Cellular Neural Networks (CNN) were developed by Chua and Yang in 1988. The main characteristics of CNN are the local connection and the parallel signal processing. CNN consists of cells connected each other and they are arranged in a lattice. CNN is applied to the image processing because the its structure is similar to the image data. The performance of the CNN depends on the parameters which is called the template. When the template has a good influence of the processing, CNN can perform complex processing.
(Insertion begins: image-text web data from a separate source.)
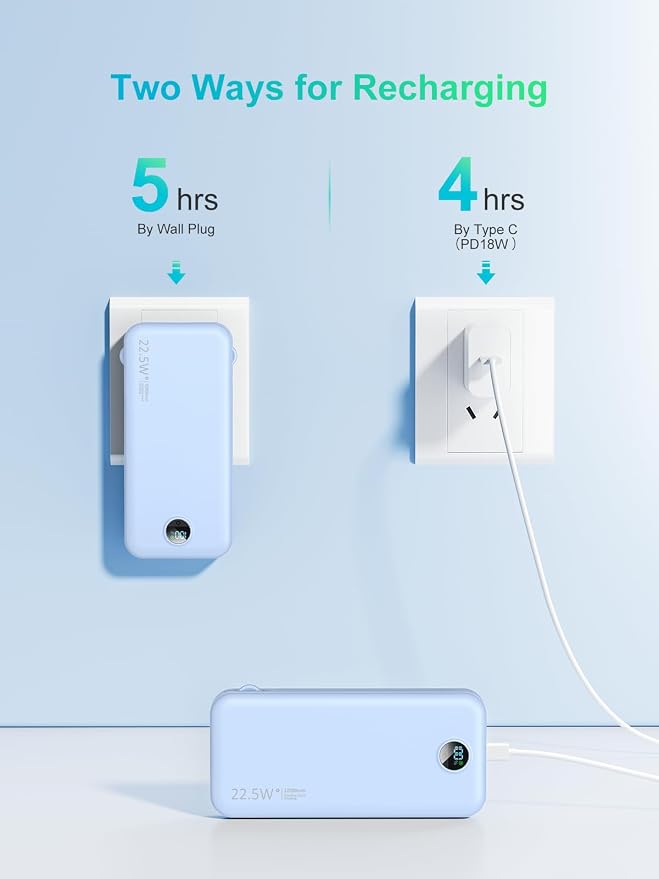 Portable Charger with Built-in Cables and Wall Plug, 12000mAh 22.5W USB C Power - Image 8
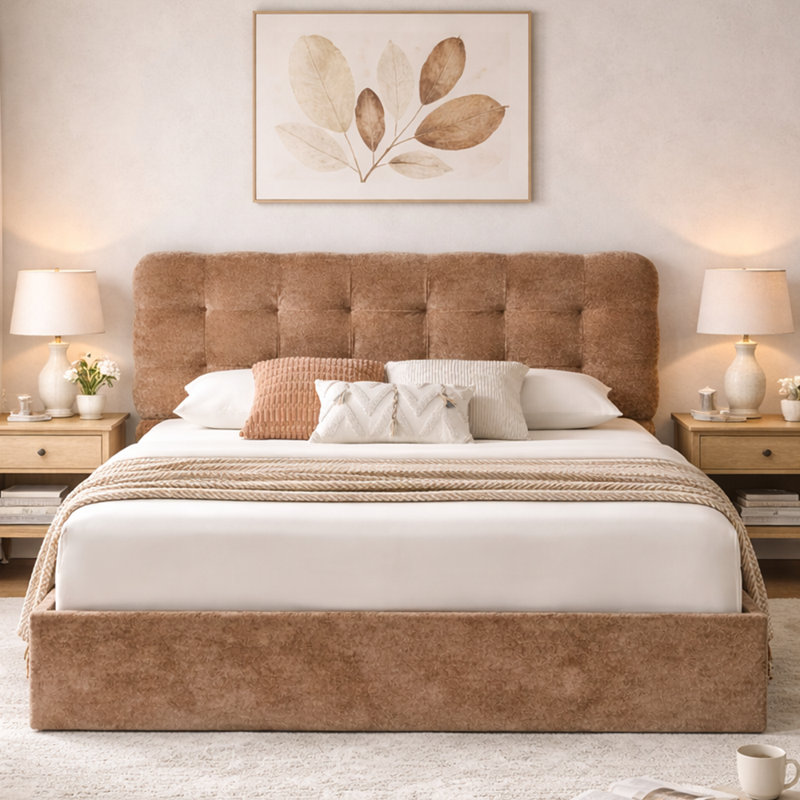 Lit plateforme tapissier avec rangement Arcadia, Velours brun, Grand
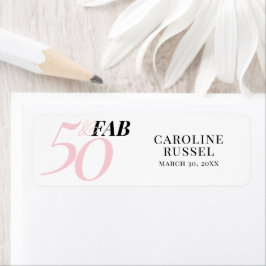 Fifty and Fabulous Pink 50th Birthday ラベル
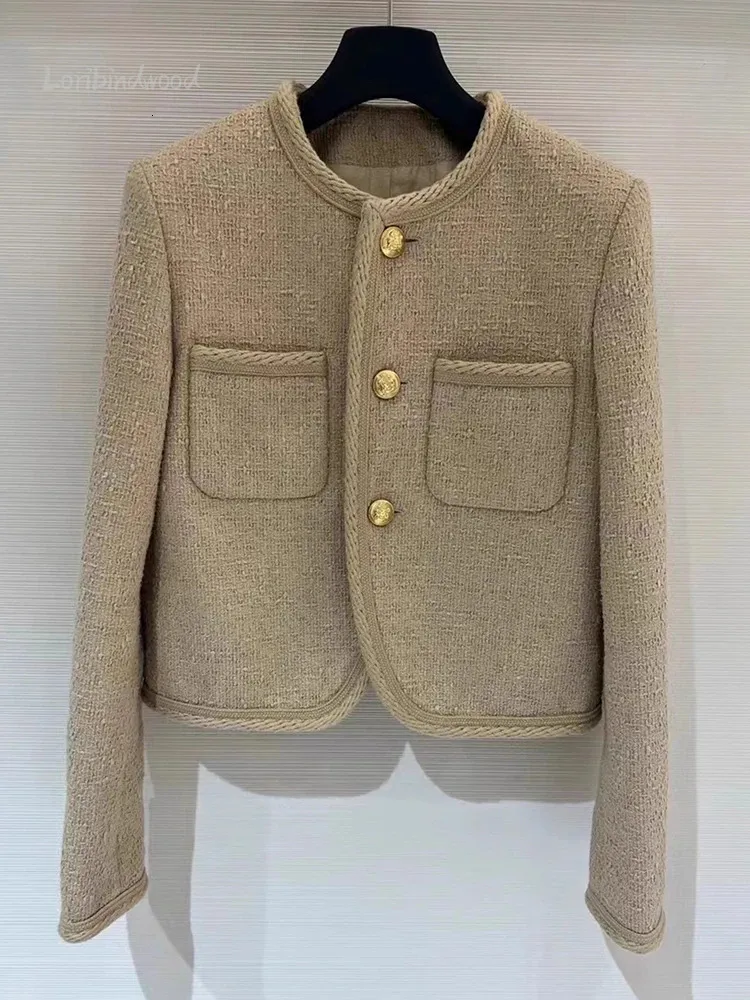 Camel couleur petit parfum manteau femmes français haute qualité Tweed veste courte mode décontracté mince 240226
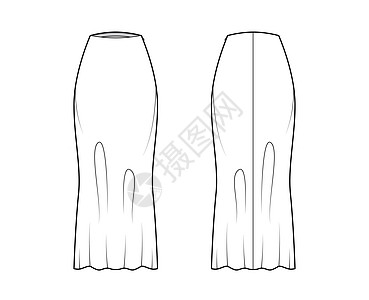 裙长斜裁技术时尚插图 最大长度轮廓 半合身丰满底部模板女性喇叭偏见服饰膝盖小样运动设计女士绘画图片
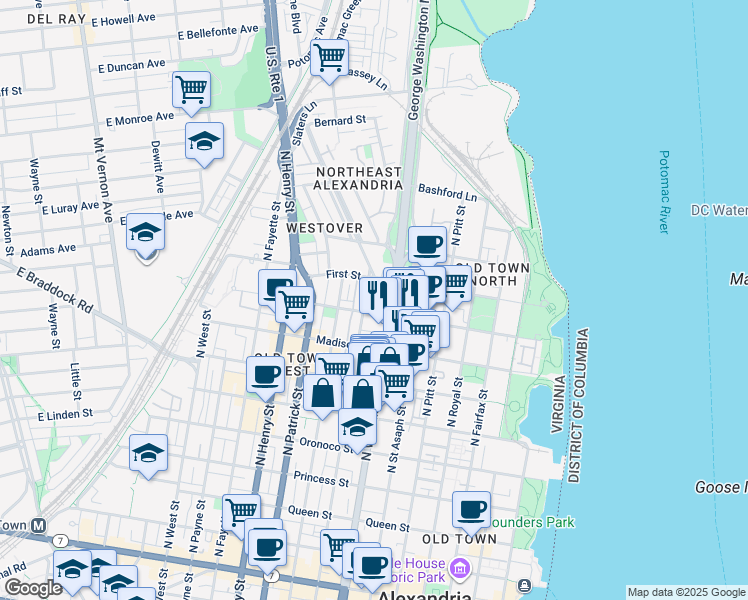 map of restaurants, bars, coffee shops, grocery stores, and more near 900 North Washington Street in Alexandria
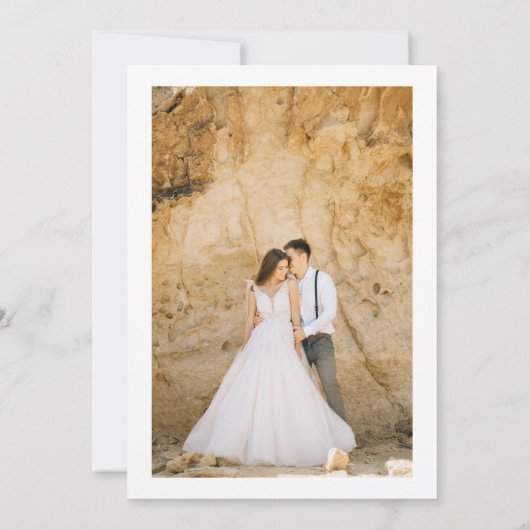 Blush Pink Floral Calligraphy Wedding Kaart (Achterkant)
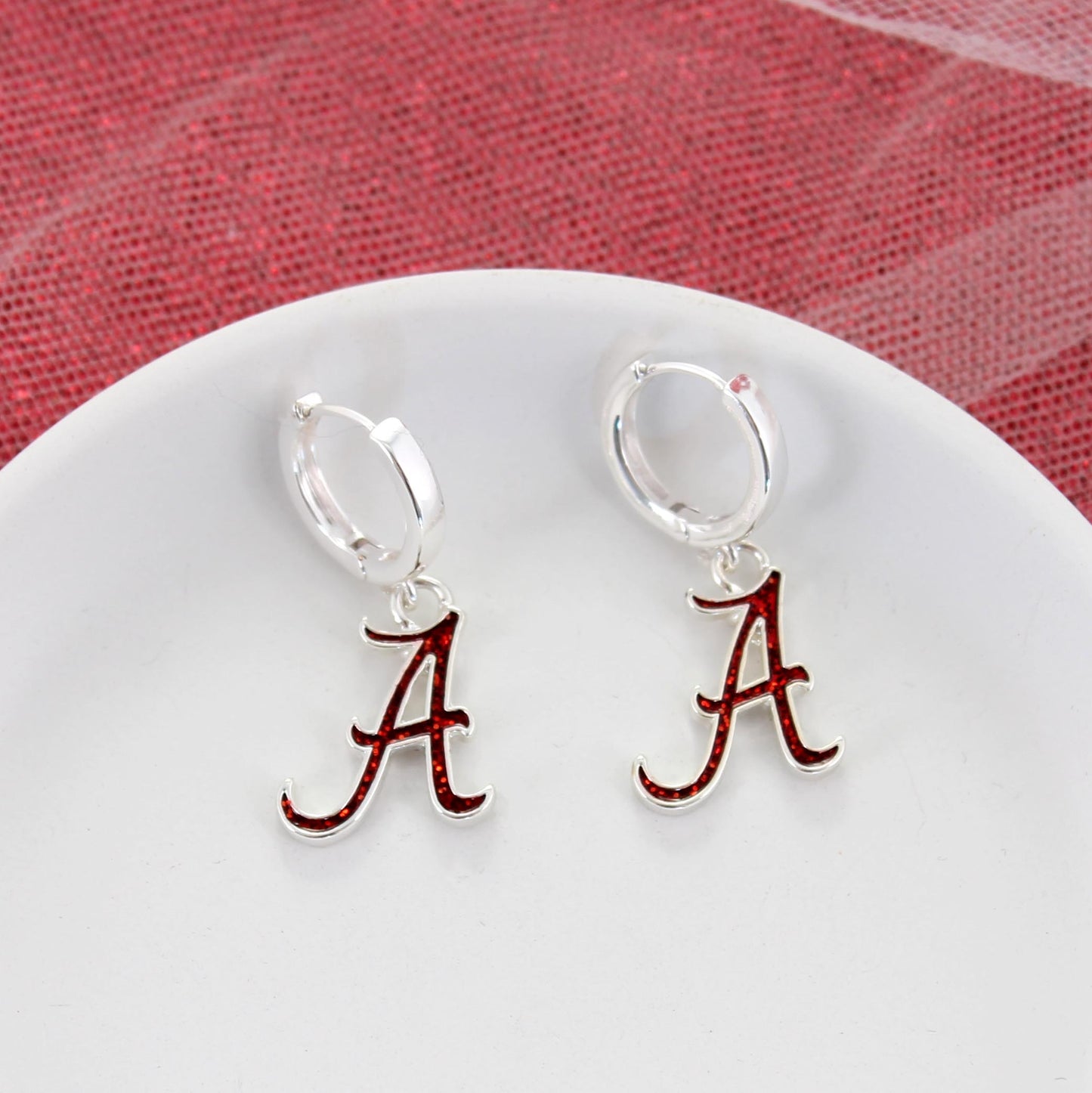 Alabama Glitter Enamel Logo Huggie Hoop Earrings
In this study, we propose switching two templates CNN. The feature of the proposed method is switching two templates by using the maximum and the minimum output values surrounding the cell. We consider that cells are placed in the input image; edge, background, etc. We apply the proposed method to edge detection and investigate its performance.
切换两个模板的细胞神经网络图像处理
细胞神经网络(CNN)是蔡和杨在1988年提出的。CNN的主要特点是本地连接和并行信号处理。CNN由相互连接的细胞组成,它们排列在晶格中。将CNN应用于图像处理,是因为其结构与图像数据相似。CNN的性能取决于被称为模板的参数。当模板对处理的影响较好时,CNN可以进行复杂的处理。在本研究中,我们提出切换两个模板CNN。该方法的特点是通过使用单元周围的最大和最小输出值来切换两个模板。我们认为单元格被放置在输入图像中;边缘,背景等。我们将该方法应用于边缘检测,并对其性能进行了研究。
本文章由计算机程序翻译,如有差异,请以英文原文为准。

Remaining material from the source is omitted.